E-commerce & products

Build a Fynd Product Catalog Database With Python (2026)

Build a structured product catalog database from Fynd D2C storefronts — automated ingestion, dedup, schema design. Python recipes with Thirdwatch actor.

May 26, 2026 · 6 min read · 1,316 words

See the scraper →

Thirdwatch's Fynd Platform Scraper returns structured product data from any Fynd-powered D2C storefront — product IDs, slugs, pricing, discounts, ratings, stock status, and brand attribution. Built for developers building product catalog databases, comparison engines, price-tracking systems, or D2C analytics platforms.

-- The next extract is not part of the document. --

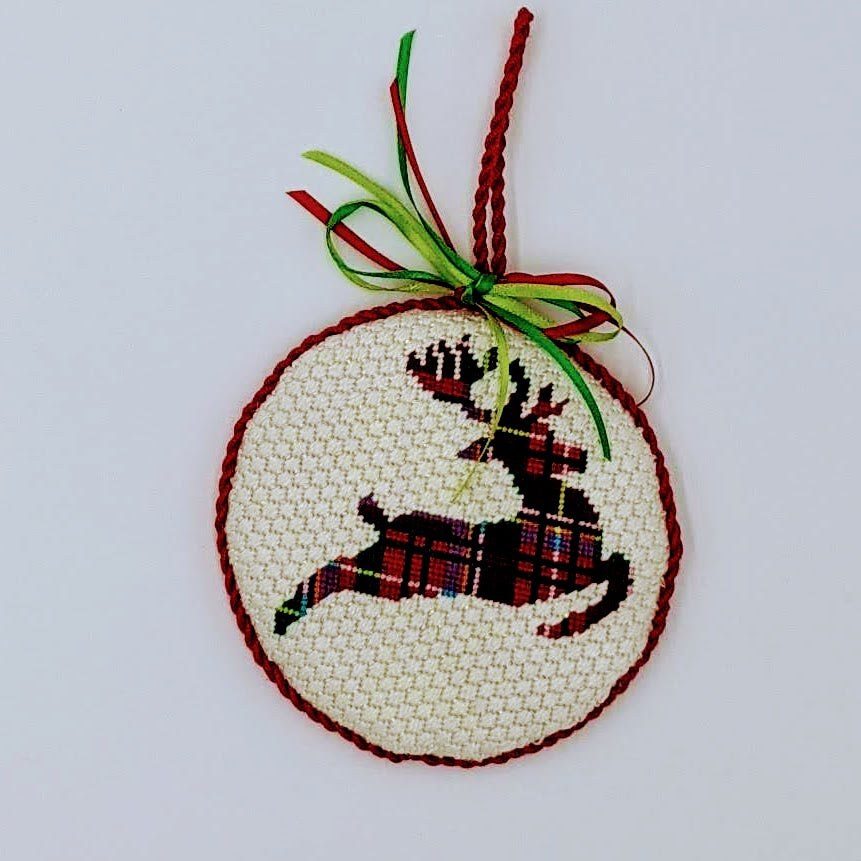 Plaid Reindeer Ornament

Why build a catalog database from Fynd storefronts

Fynd Platform powers a growing segment of India's D2C storefronts. According to Inc42's D2C report, India had over 800 funded D2C brands by end of 2025, and a significant share run their storefronts on Fynd's commerce infrastructure. Unlike marketplace listings where product data is standardized by the marketplace, each Fynd storefront is a standalone product catalog with its own pricing logic, collection taxonomy, and inventory rules.

For developers building product comparison tools, price trackers, or D2C market intelligence platforms, this means you need a reliable ingestion pipeline that can pull structured data from arbitrary Fynd storefronts and normalize it into a consistent schema. The alternative — writing custom scrapers per storefront — fails at scale because every Fynd store shares the same underlying platform and breaks identically when Fynd updates its frontend.

The Fynd Scraper returns a consistent schema across all Fynd storefronts: store_domain, product_id, slug, product_name, brand, price, price_max, original_price, discount_percent, currency, rating, rating_count, image_url, url, in_stock, item_type, and source_query. One API call per store, consistent output, ready for database ingestion.

How does this compare to alternatives?

Three paths to a Fynd product catalog database:

Approach	Reliability	Setup time	Maintenance
Custom BeautifulSoup scraper per store	Medium; breaks on platform updates	2-4 hours per store	You fix every breakage
Headless browser automation (Playwright)	Higher; handles JS rendering	1-2 days for robust setup	Browser + anti-bot drift
Thirdwatch Fynd Scraper API + your DB	Production-grade, platform-change resilient	30 minutes	Thirdwatch tracks Fynd changes

The Fynd Scraper actor page abstracts the extraction layer entirely. Your code handles only what it should: calling the API, transforming the output, and writing to your database.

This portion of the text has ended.